Commenting on the case, Slade said: “The Claimant faced many challenges throughout the duration of his nine year claim against Pinnacle and the NHS Trust. As his case was prepared it became evident that there were medical records missing from Mr Qamar’s clinics. The Claimant also suspected that he was being recorded and tested by the other parties when a suspect package of lipstick was delivered in a large box to his home address. He and his family thought this was strange as they hadn’t ordered it and the person delivering the package was insistent on him signing for it and taking it from him, despite being advised by his family that he was in a wheelchair and couldn’t get to the door.
“In addition to this, as the case progressed, an expert instructed by the NHS Trust alleged that his disabling symptoms were not as a result of the accident but the result of Mr Farooq being from a family of married cousins in Pakistan.
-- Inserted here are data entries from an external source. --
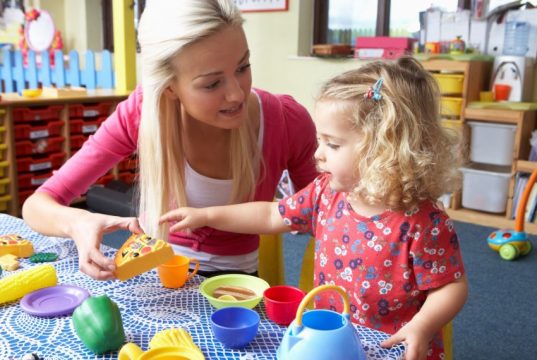 Няня для ребенка: рекомендации по выбору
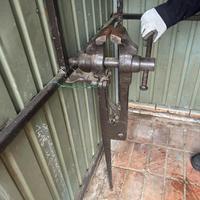 Antica Morsa da Fabbro a Gamba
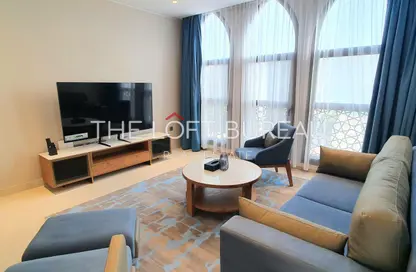 Apartment - 2 Bedrooms - 3 Bathrooms for rent in La Plage Centrale - La Plage - The Pearl Island - Doha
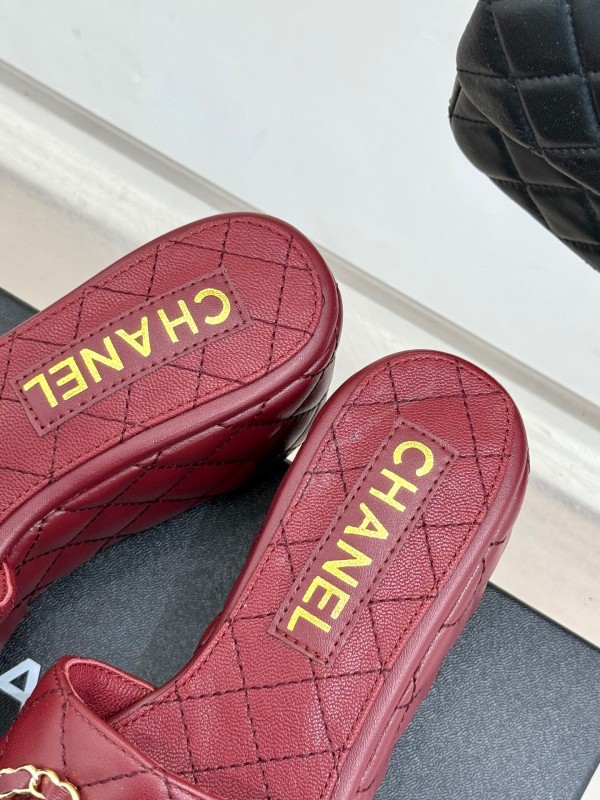 2025 Women Chanel Burgundy Leather Slippers Quilted Double C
The suggestions made by this expert were disrespectful, offensive and ultimately disproven after the Claimant was subjected to a number of invasive tests at the demand of the NHS Trust, which were all returned as normal.”
During the course of the claim, a knee surgery specialist advised that Mr Qamar failed to diagnose the quadriceps tendon ruptures and if he had done so, the Claimant would have been able to mobilise independently and been able to walk long distances within six to 12 months after the accident, as well as apply for work and lead a normal home life.
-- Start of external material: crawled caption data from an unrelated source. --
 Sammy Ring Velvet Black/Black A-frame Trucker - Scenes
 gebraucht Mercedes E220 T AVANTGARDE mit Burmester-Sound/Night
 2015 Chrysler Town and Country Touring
Slade continues: “At case management, each party was permitted to rely on the evidence of an orthopaedic surgeon, neurologist, care expert, accommodation expert and employment consultant.
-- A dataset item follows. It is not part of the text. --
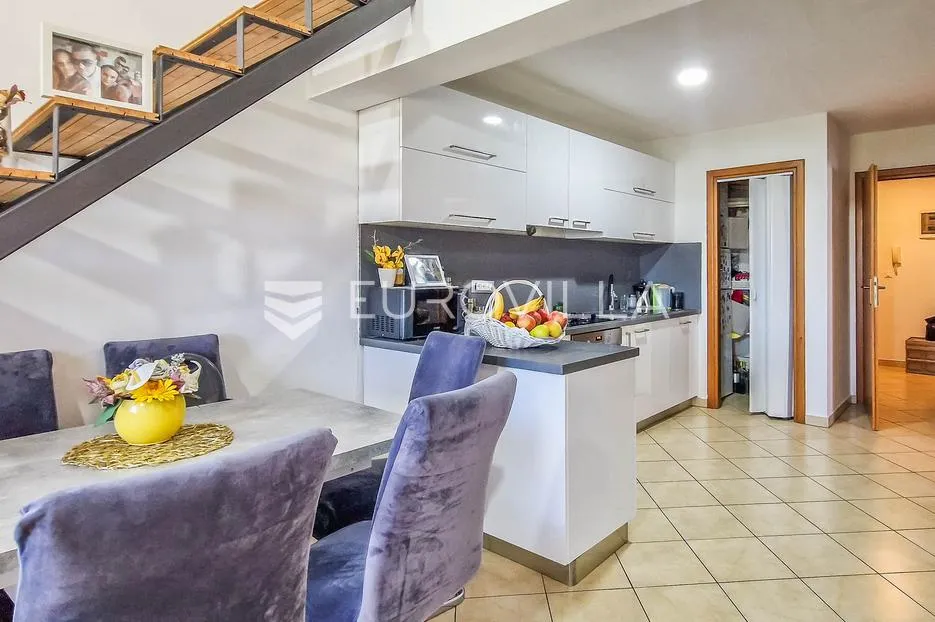istra, novigrad, stan 90 m² sa mansardom i dvije spavaće sobe - slika 2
“The Defendant’s experts raised concerns about ‘the aggressive neurological deficit’ while another had concerns the Claimant suffered from ‘a primary underlying myopathy, probably of a dystrophic type’ and recommended a number of tests to establish whether he had myopathy including blood tests to establish creatine kinase levels and genetically analyse he Duchenne gene, EMG, and muscle biopsy.
“Our experts disputed these claims, but nevertheless, the Claimant underwent the invasive testing recommended – blood tests to assess creatine kinase levels, an EMG and MRI scan of the brain, which all were noted by the Defence as normal. This was when one of the Defence’s experts advanced a new argument that the Claimant may be the carrier of a defective gene due to being the product of a consanguineous marriage which, again, was not proved.
“This case also took into account ‘prolonged recumbency’ and its effect on (lack of) rehabilitation; with experts determining that the Claimant was unfortunately unlikely to make any improvements even with the benefit of intensive rehabilitation.”
Despite the number of delaying tactics applied by the NHS Trust including multiple court applications to push back the court deadlines in the case, Mr A successfully settled his case at a joint settlement meeting in November 2017. He was awarded a settlement figure of £6,428,290 broken down as a lump sum of £2,640,000 and a Periodic payment Order of £53,035.